Since this will be the kids’ first trip to Disneyland, I wanted them to become more familiar with the movies that many of the attractions are based on. While they are well-versed in the language of Pixar and have movies like Frozen practically memorized, there are many of the old classics they’ve only seen a time or two. So this summer, we’ll be spending time with some of my favorite Disney characters – learning, crafting, snacking, and playing. I hope you’ll join us on this Disney adventure!
First up – Peter Pan!
We started our day by watching the classic animated feature. Peter Pan was originally released on February 5th, 1953. The attraction Peter Pan’s Flight, located in Fantasyland is a guest favorite at Disneyland. I cannot wait to take a ride on a magical flying ship with my kids this summer.
In the original Peter Pan, Tinkerbell isn’t the sweet and loving fairy we’ve all come to love in the new Tinkerbell movies. My kids decided that Tinkerbell might be happier if she had a fairy house.
Fairy houses are super fun to make and require very little in the way of special art supplies. The great thing about crafting a fairy house is that you can use practically anything. Find some outdoor items like leaves, sticks, moss, petals, etc and add a dash of creativity (and a little bit of good glue!)
Our intention was to do a nature walk around the neighborhood to gather supplies. However, in true NW fashion, it was pouring on Peter Pan day, so we had to settle for quickly gathering some things from our front yard. The kids loved seeing what they could find and it was fun to hear their imaginations at work, figuring out what they could use.
*We used small plastic cups as the base of our fairy house, but for a more permanent house, you could use a small pot.
When the fairy houses were finished, we set them up outside with bits of fruit inside for the fairies to eat. In the morning, the kids were delighted when the food was gone.
Snack: Second Star to the Right Cookies
“The second star to the right, shines in the night for you. ” Every Peter Pan fan knows that to get to Neverland, you follow the second star to the right and straight on ’til morning. I thought it only fitting that we make star cookies to honor and celebrate Peter Pan.
We used our favorite lemon sugar cookie recipe, but you could certainly use a roll of store-bought dough to save time. I love getting the kids involved in baking. Baking with kids is a great way to teach basic math skills. The kids all took turns rolling out the dough and helping cut the star shapes. We used a basic star-shaped cookie cutter.
Game: Follow the Leader
My children absolutely LOVE the song “Following the Leader” from the film. (It’s featured on one of their favorite Disney Sing Along Songs DVD’s.) For a simple game, we took turns being the leader. Buy the soundtrack HERE.

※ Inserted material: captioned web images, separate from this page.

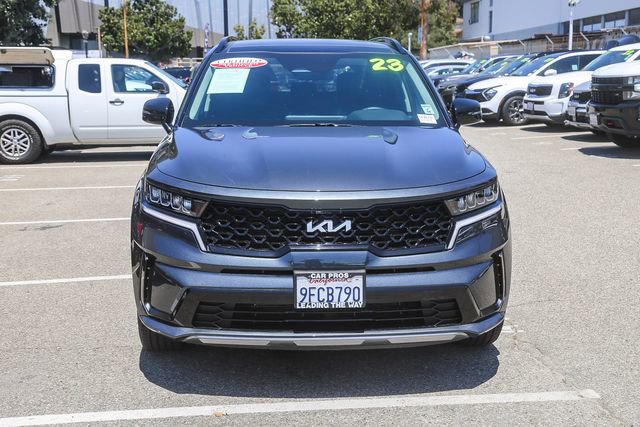 Certified 2023 Kia Sorento S w/ Panoramic Sunroof Package FWD image 3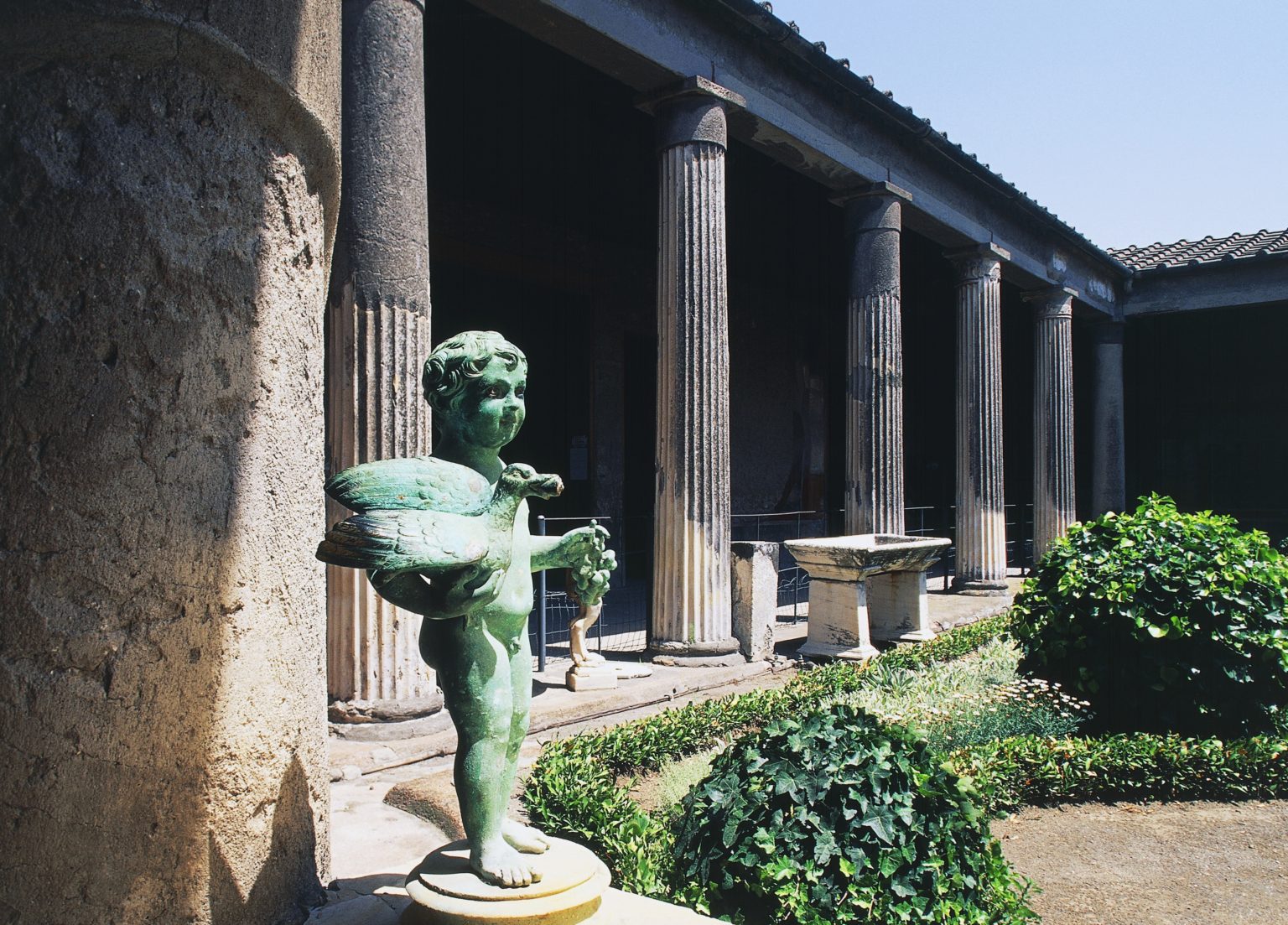 The Restoration of Pompeii's Casa dei Vettii Showcases Its Grandeur and ...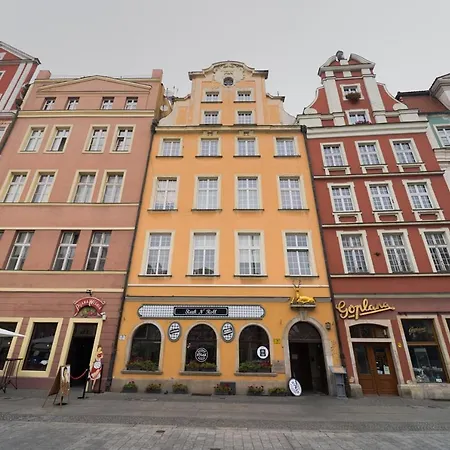 Market Square - Rynek 44 - Opposit Town Hall - 3 Wroclaw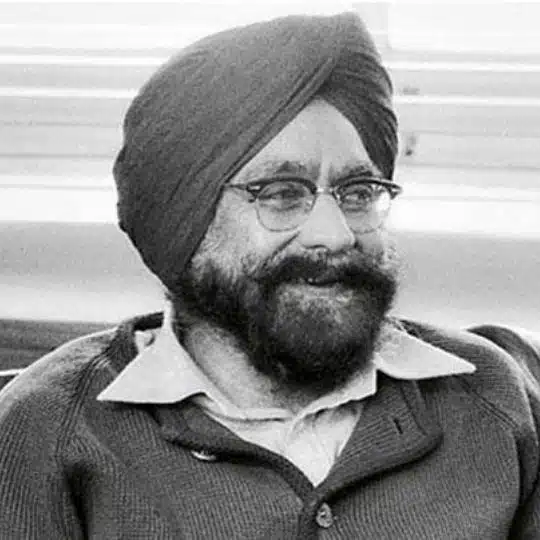 Globally successful Indian author (Khushwant Singh)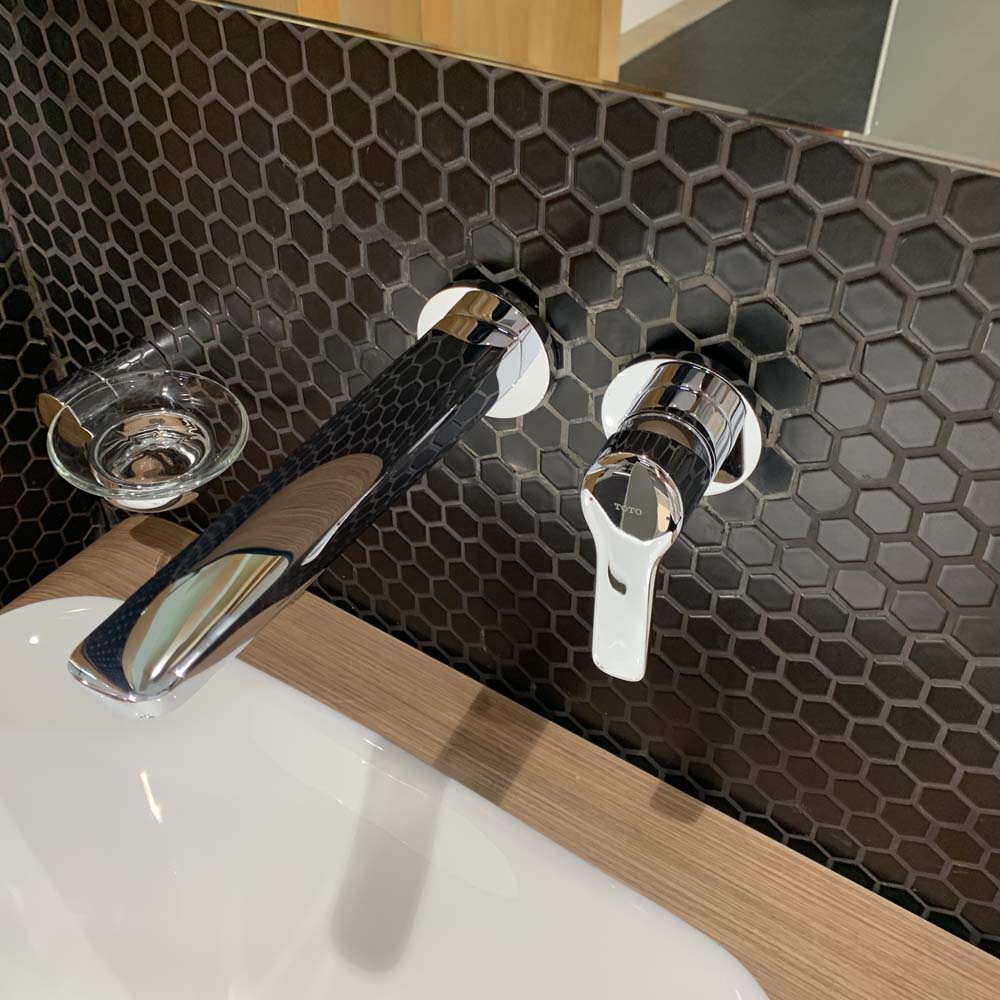 Vòi lavabo nóng lạnh gắn tường GS TOTO TLG03308BB (TLG03308B) - 3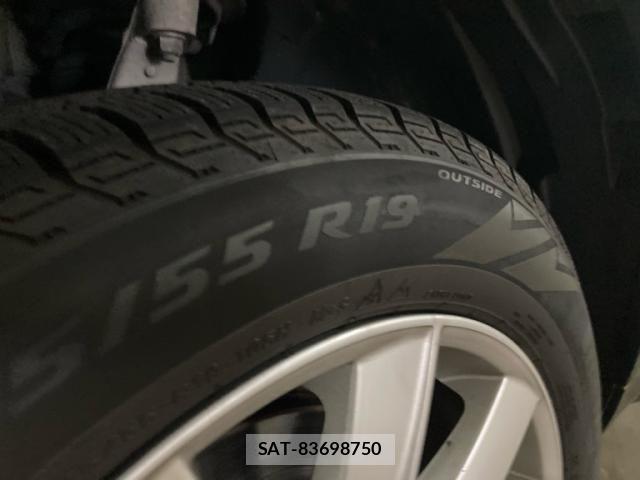 Volvo XC90 2017-06 8851023-11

It was a lot of fun to watch the different personalities of my children come out as we played the game. While one child took a more reserved approach, others danced, twirled, and hopped as the leader.
In addition to providing some physical activity, Follow the Leader helps young children make choices and develop self-esteem. (*As a bonus, it requires no prep work or materials!)
The shadow scene opens the door for a great learning opportunity. What is a shadow? How is it made? Why can’t we see our shadow all the time? Do other things make shadows?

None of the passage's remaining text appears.